Task requirements -
Without the images, reproduce every entry exactly.

Input data -
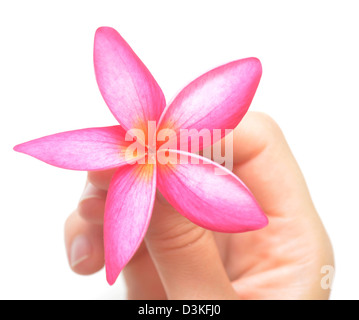 Schönheit-Blume in der Hand auf weiß Stockfoto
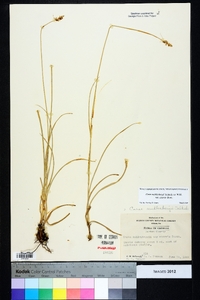 Carex muehlenbergii var. enervis image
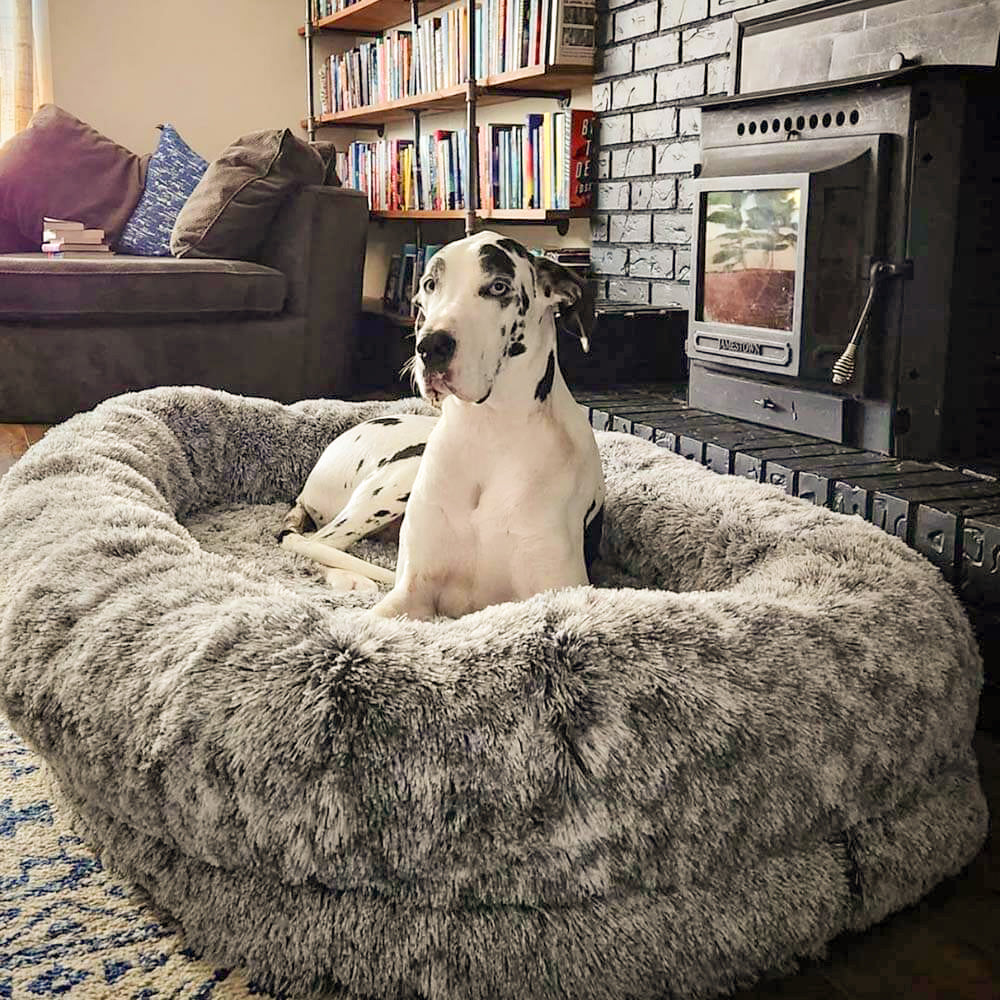 Extra Large Plush Pet Oval Bed for Humans Dogs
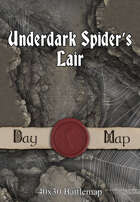 40x30 Battlemap - Underdark Spider’s Lair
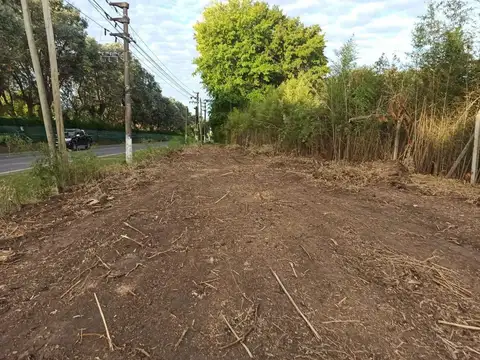 Av. Mitre, Manzanares, Pilar 100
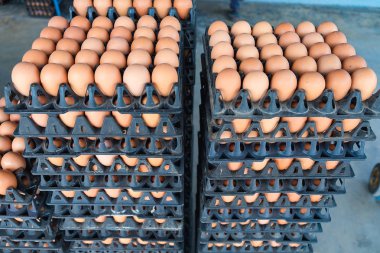 Satılık korunmuş paket tavuk çiftliğinde yumurta.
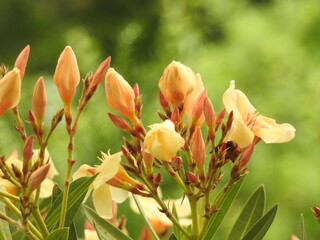 Gelb bl&uuml;hender Oleander 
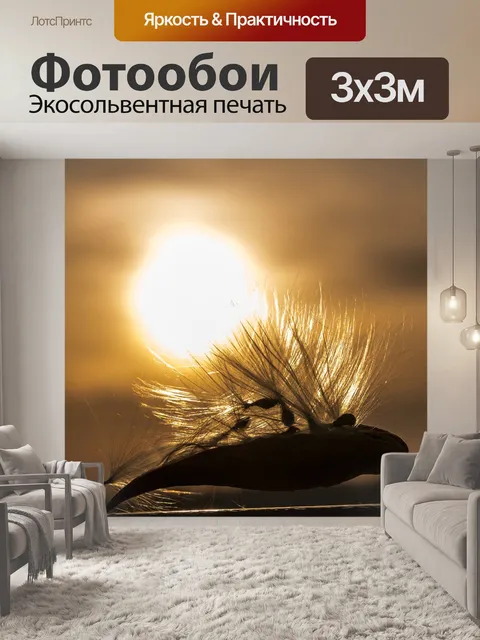 Фотообои Закат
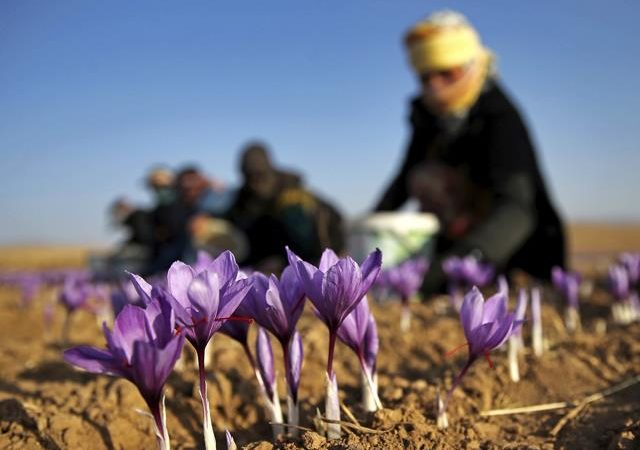 کاشت و تولید زعفران با کیفیت | شرکت صدف پک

Response area -
 Schönheit-Blume in der Hand auf weiß Stockfoto
 Carex muehlenbergii var. enervis image
 Extra Large Plush Pet Oval Bed for Humans Dogs
 40x30 Battlemap - Underdark Spider’s Lair
 Av. Mitre, Manzanares, Pilar 100
 Satılık korunmuş paket tavuk çiftliğinde yumurta.
 Gelb bl&uuml;hender Oleander 
 Фотообои Закат
 کاشت و تولید زعفران با کیفیت | شرکت صدف پک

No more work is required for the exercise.